La Nièvre est, depuis plusieurs années maintenant, plongée dans un désert médical catastrophique. Pour alerter sur cette situation qui dure depuis trop longtemps, la maire (PS) de la commune de Decize, Justine Guyot, a décidé de faire dans l’humour noir. Ainsi, elle a pris un arrêté symbolique en sommant ses administrés de ne pas…tomber malade.
« Hygiène de vie exemplaire »
« Il est formellement interdit à tout habitant de tomber malade », est-il écrit, dans ce texte diffusé le 8 octobre dernier. « Sous peine de ne recevoir aucune prise en charge médicale en raison de la fermeture répétée des services d’urgences », continue l’arrêté, avant de donner quelques indications pour y parvenir : « Il est recommandé à chacun d’adopter une hygiène de vie exemplaire incluant une consommation journalière de légumes verts, des bains de soleil modérés et une absence totale de stress, particulièrement celui généré par l’état du système de santé local », détaille l’article 2 du document. Cet arrêté a été envoyé à l’ensemble des communes de la Nièvre. Et s’il se veut ironique, rien ne prête à sourire. En effet, son unique but est de créer l’alerte dans l’espoir d’un changement de situation. Les urgences de l’hôpital de Decize « ont été placées en mode dégradé voire complètement fermées à 24 reprises depuis mars », souligne l’édile à l’AFP.
Urgences régulées : trop c’est trop
Si Justine Guyot s’exaspère, c’est parce qu’un dernier épisode a secoué la commune. Du 2 au 3 octobre dernier, l’accueil des urgences a de nouveau été régulé « en raison d’un manque temporaire de ressources médicales ». Avant de pouvoir y accéder, il faut d’abord composer le 15 ou le 18. C’est depuis ce dernier coup de massue que la maire de Decize a décidé de prendre cet arrêté quelque peu absurde. « En prenant cet arrêté, je me moque des gens qui se moquent de nous », a-t-elle confiée auprès de France 3 Bourgogne-Franche-Comté. Et il faut croire qu’elle a insufflé la volonté aux autres édiles de se faire entendre. « Une vingtaine » de maires lui ont emboîté le pas.

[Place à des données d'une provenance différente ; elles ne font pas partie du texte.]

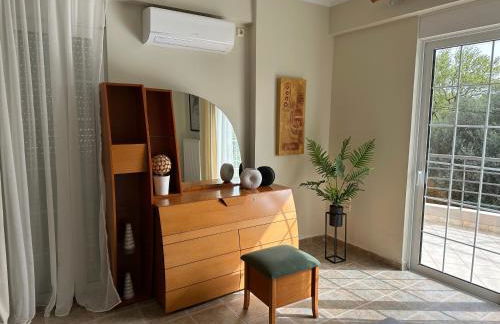 Villa Ariadni - Photo 56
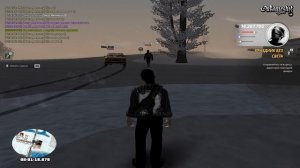 Grand Theft Auto  San Andreas 2025.12.31 - 02.31.41.09.DVR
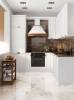 Ступень Kerranova Marble Trend K-1004/MR/st01 Nero Dorato 294х1200x10 фото 21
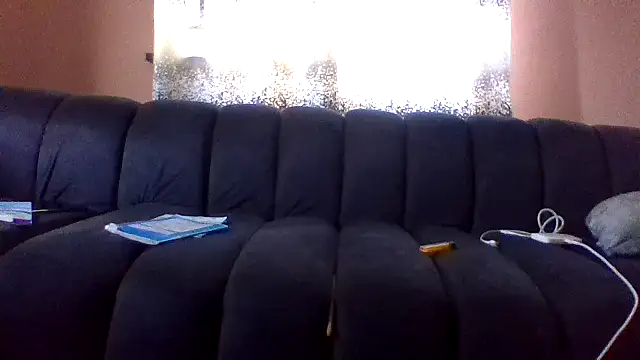 Snapshot of philippiano33 chatting on 27, 5, 2026 philippiano33 online show from 27, 5, 2026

Il faut dire que le ras-le-bol est généralisé et que la situation est loin de s’améliorer, malgré les nombreuses alertes de ces dernières années. Le département de la Nièvre ne compte que 68 médecins pour 100 000 habitants, contre une moyenne de 121 en France. Inutile de parler des spécialistes… Dans l’ensemble de la Nièvre, on ne compte qu’un seul rhumatologue, un allergologue et…zéro dermatologue. Et enfin, 20% des habitants ne disposent pas de médecin traitant. Le désert est si important qu’un « pont aérien » a été mis en place pour pallier le manque. Ainsi, depuis janvier 2023, une dizaine de médecins en provenance de Dijon se déplacent à l’hôpital de Nevers.
Selon le baromètre santé-social de l’AMF et la Mutualité Française, présenté lors du congrès des maires 2023, «87 % de la population vit dans un désert médical», tandis que «6,7 millions de Français n’ont pas de médecin traitant».